[Opening Records to use section]
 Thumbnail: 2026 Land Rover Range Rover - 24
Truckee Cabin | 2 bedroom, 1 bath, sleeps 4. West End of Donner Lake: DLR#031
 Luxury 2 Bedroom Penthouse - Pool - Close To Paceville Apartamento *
[Closing Records to use section]
[Opening Records to use section]
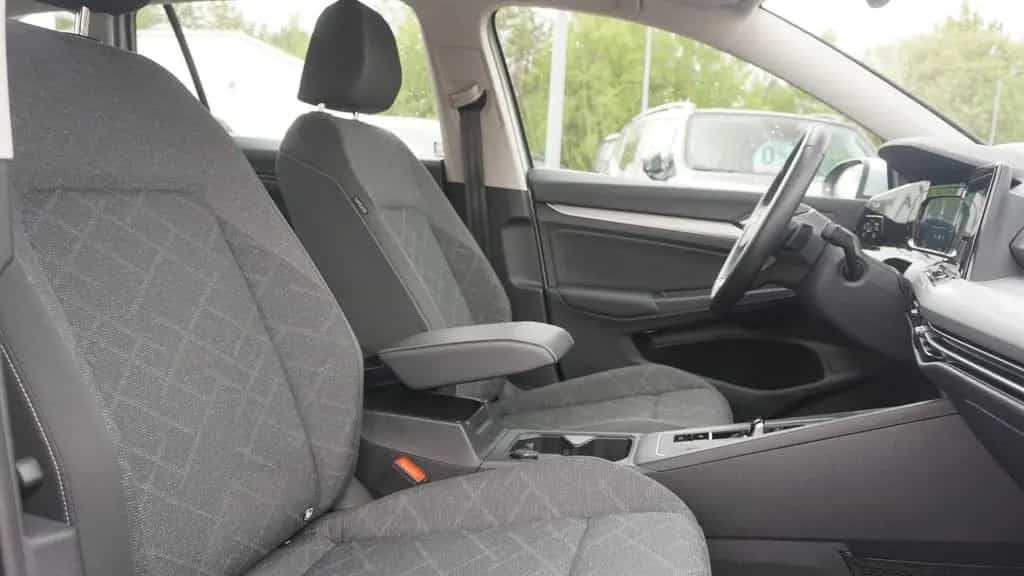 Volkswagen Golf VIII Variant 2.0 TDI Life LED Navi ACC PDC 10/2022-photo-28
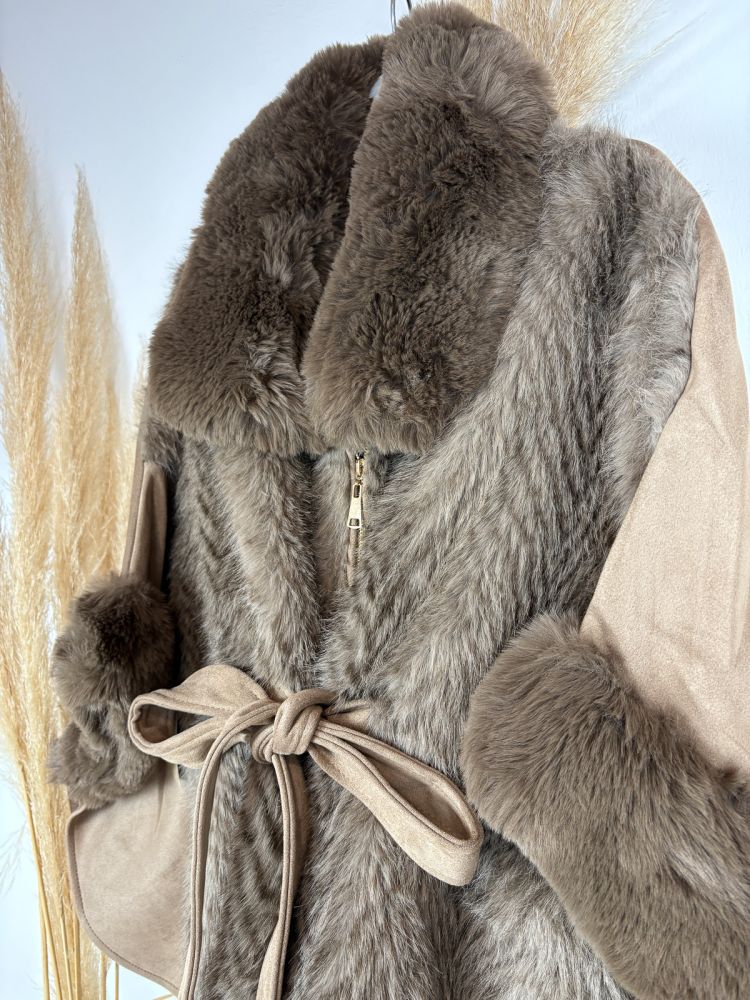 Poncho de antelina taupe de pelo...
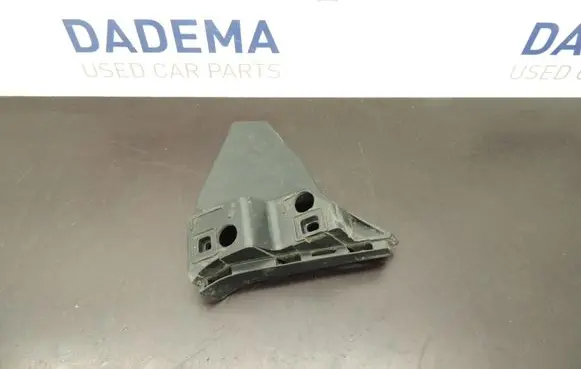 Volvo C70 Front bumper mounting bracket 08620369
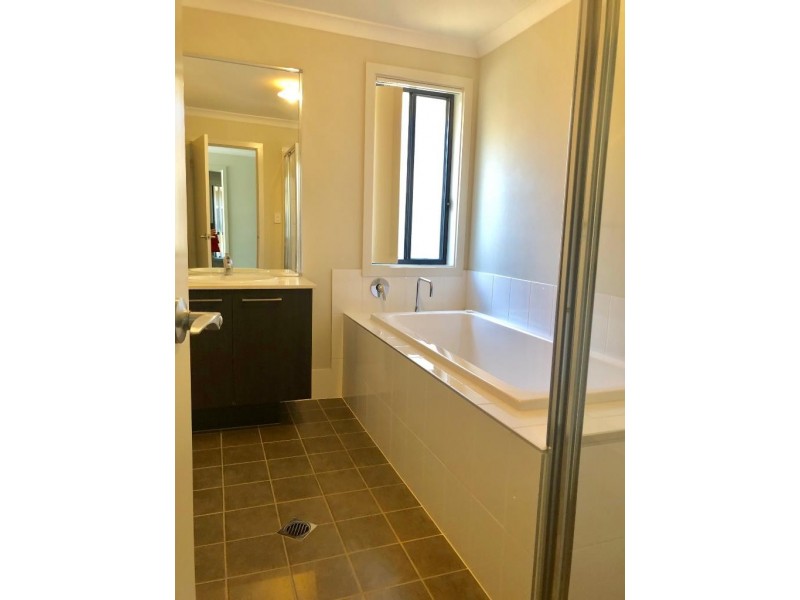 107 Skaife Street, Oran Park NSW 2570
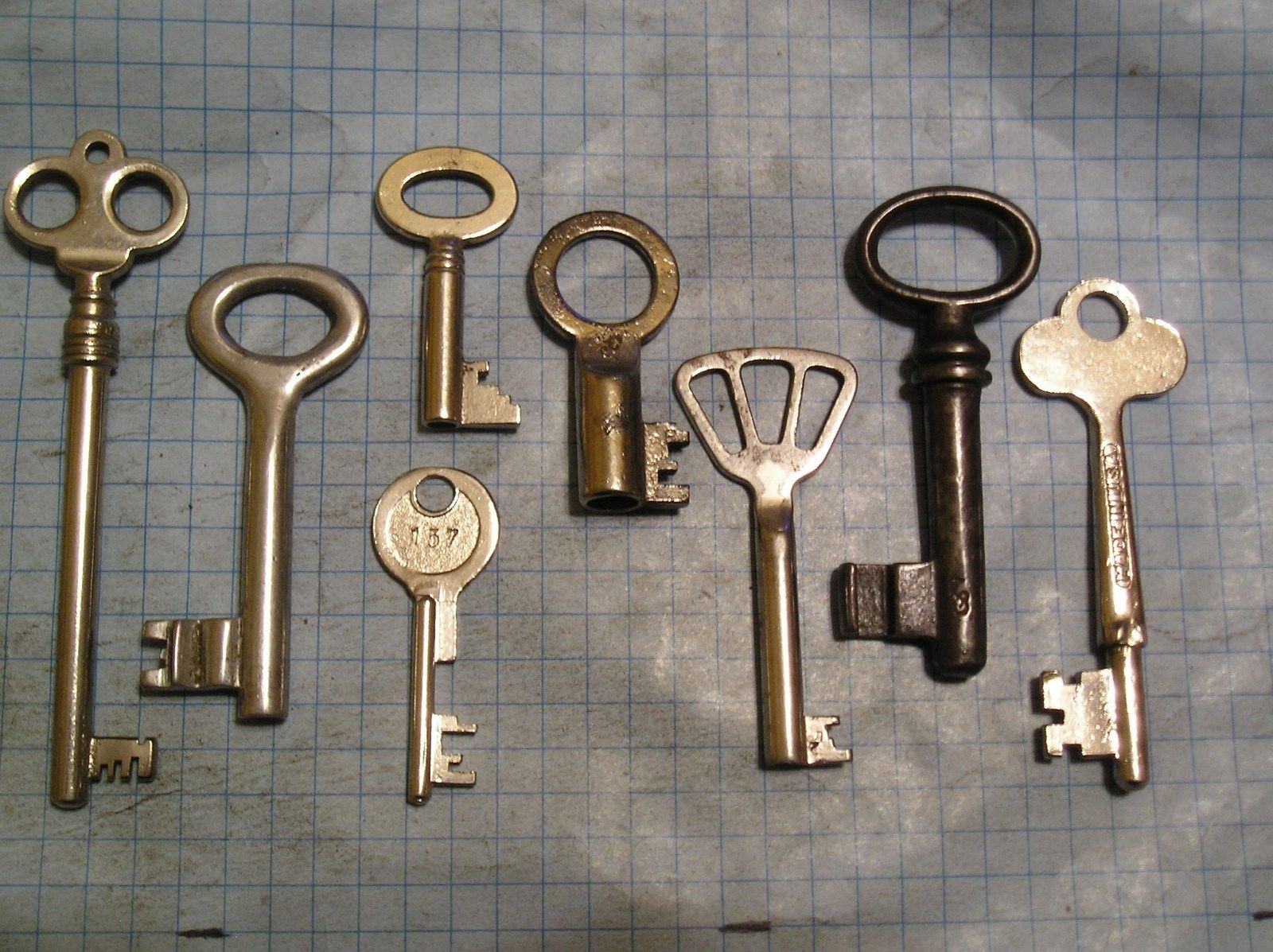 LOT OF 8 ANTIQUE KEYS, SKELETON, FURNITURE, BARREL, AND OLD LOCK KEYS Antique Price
[Closing Records to use section]
• **What to produce**:
Give back, word for word, only the lines above from the line holding "Thumbnail: 2026 Land Rover Range Rover - 24" to the line holding "Luxury 2 Bedroom", both included.

• **Answer to the problem**:
 Thumbnail: 2026 Land Rover Range Rover - 24
Truckee Cabin | 2 bedroom, 1 bath, sleeps 4. West End of Donner Lake: DLR#031
 Luxury 2 Bedroom Penthouse - Pool - Close To Paceville Apartamento *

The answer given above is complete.